Typically, the parade of fall color peaks this week, but don't hold your breath. Mother Nature moves at her own pace. In the meantime, the leaves are falling from the trees that have suffered through another dry summer. The lawn mower does a pretty good job of shredding tree leaves and recycling them in the lawn.
There is plenty of soil moisture, so core aeration is an excellent fall practice to loosen the soil and reduce thatch. Spot treat areas of broadleaf lawn weeds while the weather is still nice and warm.
Many garden centers and nurseries are clearing out nursery stock at reduced prices. And, fall is for planting, so although the selection of nursery stock is limited, take advantage of the lower prices.
Pansies are a super addition to the landscape at this time. They are tough enough to withstand the winter with a little mulch. They come on strong with late winter and early spring weather. They like it cool.

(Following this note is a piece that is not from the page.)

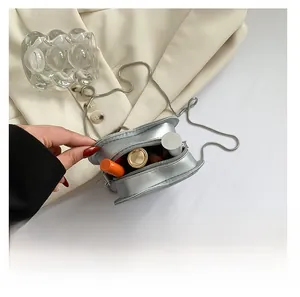 Detail showing the mini silver heart bag interior capacity with metal snake chain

Obviously, there are a lot of dead ash trees to have to come down. So, plan ahead on your tree work needs and save some real money.
Dr. Dirt made a trip to beautiful Parke County last week and the wooly worms were on the move. He enjoyed a few persimmons, but did not check the seed for a winter weather prediction. Split the seed and if you see a spoon, it means lots of snow. Knives indicate cold. The persimmon pulp means tasty desert treats.
Box elder bugs and stink bugs continue to seek winter quarters. Get out the caulk gun and keep them out of your house!